[Material to process Boundary: Start]
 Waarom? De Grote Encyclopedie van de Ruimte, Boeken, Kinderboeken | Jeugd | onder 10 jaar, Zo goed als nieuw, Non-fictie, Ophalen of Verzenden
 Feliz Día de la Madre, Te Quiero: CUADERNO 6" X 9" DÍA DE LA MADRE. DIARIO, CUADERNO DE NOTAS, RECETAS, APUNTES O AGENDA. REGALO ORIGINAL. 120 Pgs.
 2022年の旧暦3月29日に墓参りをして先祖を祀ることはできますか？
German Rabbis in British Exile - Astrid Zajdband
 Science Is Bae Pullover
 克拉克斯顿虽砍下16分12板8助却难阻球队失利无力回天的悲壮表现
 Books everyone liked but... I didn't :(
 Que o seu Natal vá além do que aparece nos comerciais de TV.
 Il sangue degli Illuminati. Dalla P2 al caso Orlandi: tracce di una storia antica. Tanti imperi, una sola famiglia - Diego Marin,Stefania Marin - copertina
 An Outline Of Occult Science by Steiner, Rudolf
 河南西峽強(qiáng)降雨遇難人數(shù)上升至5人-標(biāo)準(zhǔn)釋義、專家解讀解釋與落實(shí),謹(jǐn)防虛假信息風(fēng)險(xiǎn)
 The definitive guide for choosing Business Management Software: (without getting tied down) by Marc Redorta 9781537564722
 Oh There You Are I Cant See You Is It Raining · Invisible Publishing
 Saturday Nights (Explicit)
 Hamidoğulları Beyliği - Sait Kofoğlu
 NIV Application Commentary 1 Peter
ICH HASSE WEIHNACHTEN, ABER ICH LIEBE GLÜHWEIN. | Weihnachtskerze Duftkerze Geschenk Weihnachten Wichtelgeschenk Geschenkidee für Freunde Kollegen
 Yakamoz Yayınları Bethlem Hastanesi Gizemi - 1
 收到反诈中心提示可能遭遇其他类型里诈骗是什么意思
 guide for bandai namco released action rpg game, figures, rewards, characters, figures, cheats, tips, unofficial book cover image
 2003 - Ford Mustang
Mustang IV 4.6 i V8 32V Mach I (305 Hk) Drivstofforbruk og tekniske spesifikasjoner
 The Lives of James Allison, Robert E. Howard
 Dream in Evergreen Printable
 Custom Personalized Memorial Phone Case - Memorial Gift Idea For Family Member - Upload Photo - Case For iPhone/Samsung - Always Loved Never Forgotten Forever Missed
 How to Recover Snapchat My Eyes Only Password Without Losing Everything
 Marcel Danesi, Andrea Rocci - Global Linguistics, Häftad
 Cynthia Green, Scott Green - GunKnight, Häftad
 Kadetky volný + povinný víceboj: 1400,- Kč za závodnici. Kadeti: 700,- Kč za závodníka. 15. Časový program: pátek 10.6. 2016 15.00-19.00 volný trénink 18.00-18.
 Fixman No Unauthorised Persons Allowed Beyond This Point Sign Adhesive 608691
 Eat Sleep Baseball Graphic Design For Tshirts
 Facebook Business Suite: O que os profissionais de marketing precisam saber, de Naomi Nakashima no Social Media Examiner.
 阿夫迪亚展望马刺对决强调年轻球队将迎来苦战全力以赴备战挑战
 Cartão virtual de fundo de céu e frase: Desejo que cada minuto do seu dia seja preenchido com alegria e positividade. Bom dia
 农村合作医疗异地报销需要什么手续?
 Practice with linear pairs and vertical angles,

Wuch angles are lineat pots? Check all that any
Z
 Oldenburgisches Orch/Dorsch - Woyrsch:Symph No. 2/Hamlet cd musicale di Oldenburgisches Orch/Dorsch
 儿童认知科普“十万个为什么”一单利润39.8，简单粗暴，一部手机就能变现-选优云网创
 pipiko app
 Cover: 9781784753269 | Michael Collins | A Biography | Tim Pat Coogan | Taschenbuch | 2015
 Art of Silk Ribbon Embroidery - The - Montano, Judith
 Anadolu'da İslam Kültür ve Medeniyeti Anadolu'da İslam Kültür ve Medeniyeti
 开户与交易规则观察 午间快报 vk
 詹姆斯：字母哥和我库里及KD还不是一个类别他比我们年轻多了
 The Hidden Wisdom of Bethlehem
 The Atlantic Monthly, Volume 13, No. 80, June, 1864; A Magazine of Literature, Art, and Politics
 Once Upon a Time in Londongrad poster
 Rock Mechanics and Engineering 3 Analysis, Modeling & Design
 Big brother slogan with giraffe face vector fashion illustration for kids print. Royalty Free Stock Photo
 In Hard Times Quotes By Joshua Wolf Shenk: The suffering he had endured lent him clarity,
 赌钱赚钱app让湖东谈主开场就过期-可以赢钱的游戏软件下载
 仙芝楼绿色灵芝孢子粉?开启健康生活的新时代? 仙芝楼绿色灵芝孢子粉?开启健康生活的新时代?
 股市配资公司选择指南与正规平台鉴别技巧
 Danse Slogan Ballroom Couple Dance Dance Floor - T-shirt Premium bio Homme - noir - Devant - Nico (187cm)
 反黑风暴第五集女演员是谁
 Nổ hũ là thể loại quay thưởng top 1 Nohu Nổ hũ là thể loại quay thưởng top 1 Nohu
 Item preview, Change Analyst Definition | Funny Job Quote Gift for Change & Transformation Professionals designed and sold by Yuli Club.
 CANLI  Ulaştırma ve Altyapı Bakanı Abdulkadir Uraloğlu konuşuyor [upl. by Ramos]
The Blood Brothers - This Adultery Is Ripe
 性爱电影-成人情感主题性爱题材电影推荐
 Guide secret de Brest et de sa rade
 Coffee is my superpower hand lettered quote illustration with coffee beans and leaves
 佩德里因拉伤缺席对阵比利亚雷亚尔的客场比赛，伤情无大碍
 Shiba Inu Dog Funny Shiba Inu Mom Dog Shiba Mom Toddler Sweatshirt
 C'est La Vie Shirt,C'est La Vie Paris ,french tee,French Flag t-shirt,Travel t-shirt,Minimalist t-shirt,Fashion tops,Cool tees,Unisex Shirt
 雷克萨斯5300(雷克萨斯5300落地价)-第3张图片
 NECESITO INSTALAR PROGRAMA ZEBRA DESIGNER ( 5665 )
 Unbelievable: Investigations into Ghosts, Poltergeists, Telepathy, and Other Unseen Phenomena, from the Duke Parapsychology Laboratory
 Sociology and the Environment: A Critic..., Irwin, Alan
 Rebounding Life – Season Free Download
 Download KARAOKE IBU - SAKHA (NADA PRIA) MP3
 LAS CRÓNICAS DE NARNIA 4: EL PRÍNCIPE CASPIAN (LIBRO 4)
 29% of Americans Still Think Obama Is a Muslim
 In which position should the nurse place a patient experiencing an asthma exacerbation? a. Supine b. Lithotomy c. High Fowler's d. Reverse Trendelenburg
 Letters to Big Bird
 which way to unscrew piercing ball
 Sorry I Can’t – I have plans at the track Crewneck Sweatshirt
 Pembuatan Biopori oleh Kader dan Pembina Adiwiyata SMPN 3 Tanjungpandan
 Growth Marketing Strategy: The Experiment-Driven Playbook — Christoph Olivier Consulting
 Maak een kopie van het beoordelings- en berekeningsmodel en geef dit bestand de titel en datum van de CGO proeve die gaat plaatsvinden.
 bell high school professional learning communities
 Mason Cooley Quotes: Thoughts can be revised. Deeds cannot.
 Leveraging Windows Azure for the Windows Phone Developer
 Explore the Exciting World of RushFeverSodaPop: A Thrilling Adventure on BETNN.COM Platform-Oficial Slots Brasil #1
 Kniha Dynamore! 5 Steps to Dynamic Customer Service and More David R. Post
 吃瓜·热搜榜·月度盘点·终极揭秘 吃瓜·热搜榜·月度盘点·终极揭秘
[Material to process Boundary: End]
Set down, exactly as they appear above, all lines from the one that has "Anadolu'da İslam Kültür ve Medeniyeti Anadolu'da" down to the one that has "Item preview, Change", including those two and no others.

• Expected answer:
 Anadolu'da İslam Kültür ve Medeniyeti Anadolu'da İslam Kültür ve Medeniyeti
 开户与交易规则观察 午间快报 vk
 詹姆斯：字母哥和我库里及KD还不是一个类别他比我们年轻多了
 The Hidden Wisdom of Bethlehem
 The Atlantic Monthly, Volume 13, No. 80, June, 1864; A Magazine of Literature, Art, and Politics
 Once Upon a Time in Londongrad poster
 Rock Mechanics and Engineering 3 Analysis, Modeling & Design
 Big brother slogan with giraffe face vector fashion illustration for kids print. Royalty Free Stock Photo
 In Hard Times Quotes By Joshua Wolf Shenk: The suffering he had endured lent him clarity,
 赌钱赚钱app让湖东谈主开场就过期-可以赢钱的游戏软件下载
 仙芝楼绿色灵芝孢子粉?开启健康生活的新时代? 仙芝楼绿色灵芝孢子粉?开启健康生活的新时代?
 股市配资公司选择指南与正规平台鉴别技巧
 Danse Slogan Ballroom Couple Dance Dance Floor - T-shirt Premium bio Homme - noir - Devant - Nico (187cm)
 反黑风暴第五集女演员是谁
 Nổ hũ là thể loại quay thưởng top 1 Nohu Nổ hũ là thể loại quay thưởng top 1 Nohu
 Item preview, Change Analyst Definition | Funny Job Quote Gift for Change & Transformation Professionals designed and sold by Yuli Club.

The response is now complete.